Bedeni, Cinselliği, Doğurganlığı İle Kadın Konferansı
TAP Vakfı’nın her yıl üreme sağlığı konuları çerçevesinde gerçekleştirdiği toplantısı, 2-3 Kasım 2013 tarihlerinde ‘Bedeni, Cinselliği ve Doğurganlığı ile Kadın’ başlığında düzenlendi. Konferansta kadının bedenine yabancılaşması, kadın cinselliğine yüklenen değerler ve doğurganlığın toplumsal işlevi, kadının güçlendirilmesi sürecinde aşılması gereken engeller, yasalardan sağlık hizmetlerine, medyadan sanata yaşadığımız tüm dinamikler üzerinden yeniden değerlendirildi.

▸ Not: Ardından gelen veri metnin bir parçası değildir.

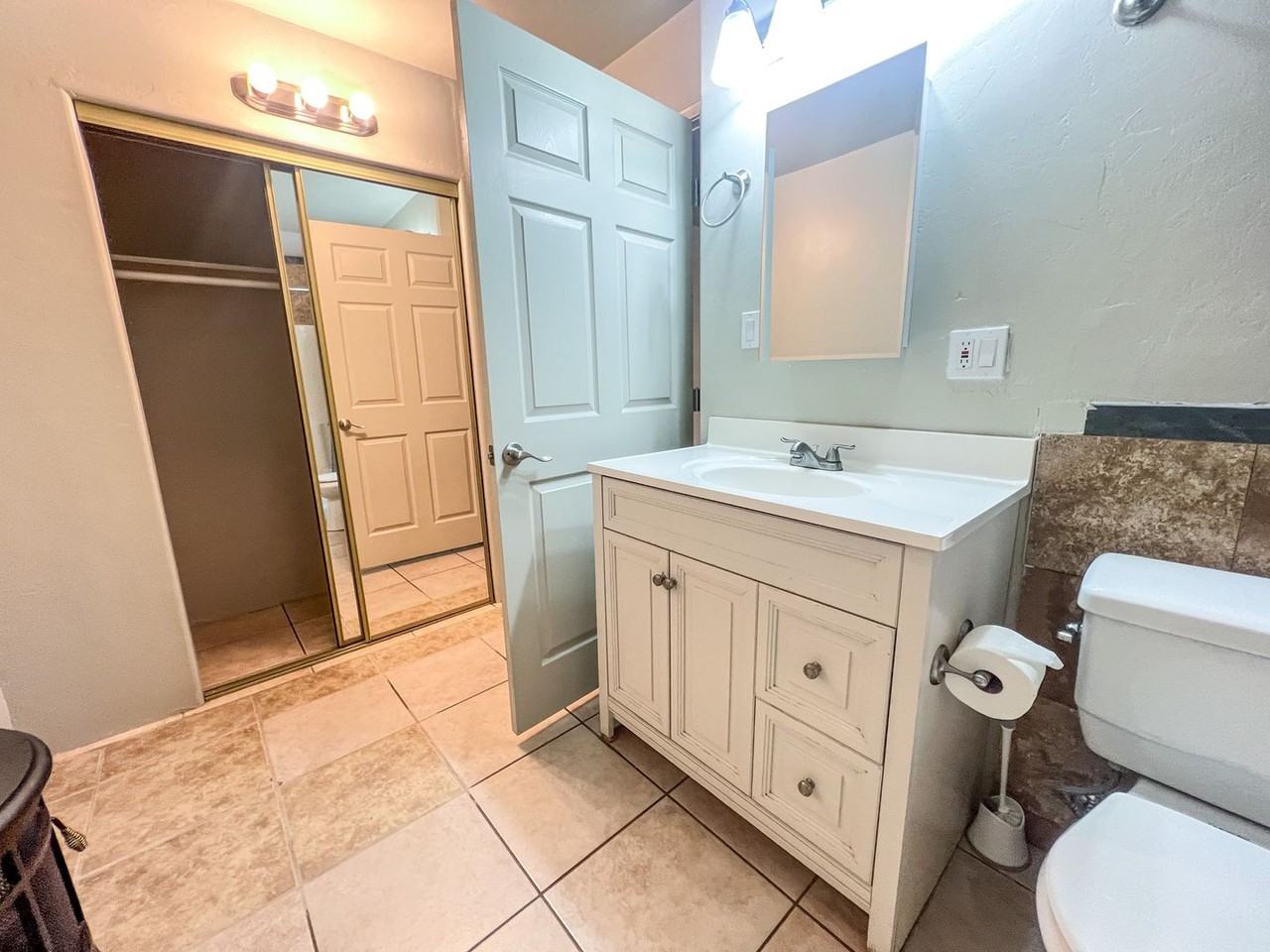 626 S Park Cir - Photo 5 of 9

İlk paneli yöneten Yeditepe Üniversitesi Öğretim Görevlisi Prof. Dr. Belkis Kümbetoğlu, Türkiye’de nüfus planlamasından, Kadının İnsan Hakları Derneği kurucularından Pınar İlkkaracan, aynı panelde 1994 yılında Kahire’de imzalanan Nüfus ve Kalkınma Eylem Planının gittikçe artan öneminden bahsetti.

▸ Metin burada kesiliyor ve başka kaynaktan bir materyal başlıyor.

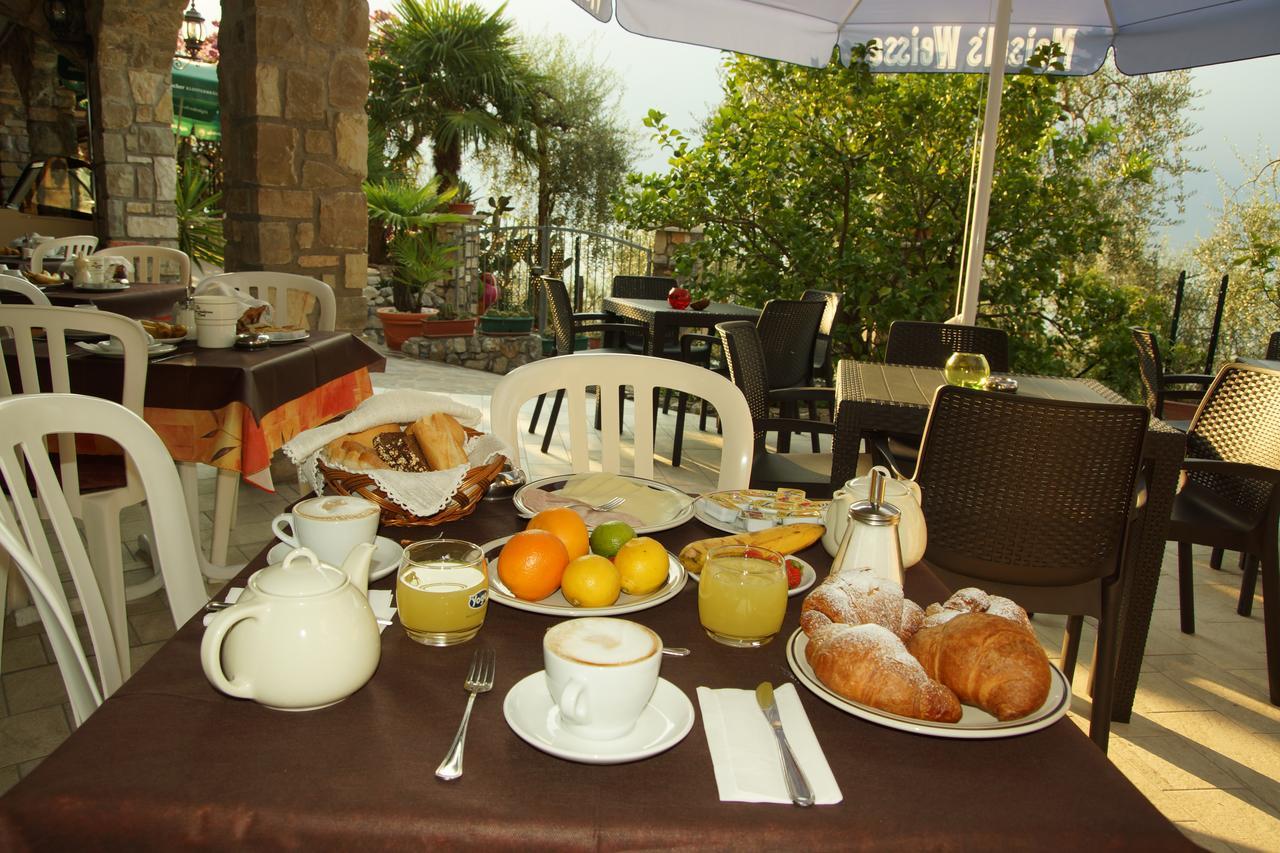 Hotel Augusta Garni Limone sul Garda Buitenkant foto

‘Atfedilen Kadınlık’ panelinde yazar Yaşar Çabuklu, ‘toplumsal cinsiyet’ kavramının tarihsel gelişiminden bahsetti. Prof. Dr. Zeynep Direk, iktidar ve kadın bedeni ilişkisini feminizm bakış açısından ele aldı. Kadın ve toplumsal rollerini ‘annelik’ kavramı üzerinden ele alarak sorgulayan Prof. Dr. Ayşe Saktanber, annelik olgusunun bir modernite olgusu olduğunu vurguladı.
‘Kadın Cinselliği’ panelinde, akademisyen ve yazar Bülent Somay, cinsellik ile üreme ilişkisini sorgulayarak ‘cinselliksiz üreme’ ve ‘üremesiz cinsellik’ kavramları üzerinde durdu. Psikiyatrist Doç. Dr. Ejder Akgün Yıldırım konuşmasına ‘Cinselliği iste(n)meyen Kadınlar’ başlığını uygun bulduğunu söyleyerek, kadınlardaki cinsel uyarılma sorunlarını ele aldı. Kadın Cinselliği panelinin diğer konuşmacısı Gülnur Elçik, kadın bedeninin başlı başına cinsellik çağrışımlı yorumlanmasının kadınların bedenlerine yabancılaşmaları sonucunu doğurduğuna değindi.
Kadın Cinselliği paneline paralel oturumda ‘Memlekette Kadınlık Hallerine Dair Sesli Düşünme’ başlığı altında yönetmen Bingöl Elmas’ın katılımıyla Pippa’ya Mektubum film gösterimi yapıldı.
İkinci oturumun ilk panelinde ‘Yansımalar’ başlığı ile ‘kadın’ ve ‘kadınlık’ kavramlarına yönelik farklı toplumsal kesimlerden değerlendirmelere yer verildi. İlk olarak ‘Ortadan Kaldırılmak İstemiyorsan Kendin Vazgeç’ adını verdiği sunumuyla sanatçı CANAN, kadına karşı şiddete göndermelerde bulundu ve kendi bedenini kullanarak yaptığı sanatsal çalışmalardan görsel örnekler gösterdi. Hetero- Normativite vs. Trans-Normativite başlıklı konuşmasında Şevval Kılıç toplumun farklı cinsel kimliklere olan yaklaşımlarına dikkat çekerek Gezi olaylarının farklı kimliklerin görünürlüğüne yaptığı katkının öneminden bahsetti. Panelin diğer konuşmacısı gazeteci Yonca Poyraz Doğan, Kadın, Medya ve Siyaset ekseni içerisinde medyanın kadın haberleri konusundaki sorunlu tutumunu medyada çalışan bir kadın olarak yaşadığı ve gözlemlediği örnekler üzerinden değerlendirdi.
Konferansının ikinci gününde “Sıralı sevişme”, “Kişiliğiniz ve İlişkileri Anlamak”, “Bedenimiz, Cinselliğimiz ve Doğurganlığımız” başlıklarında üç atölye çalışmasına yer verildi.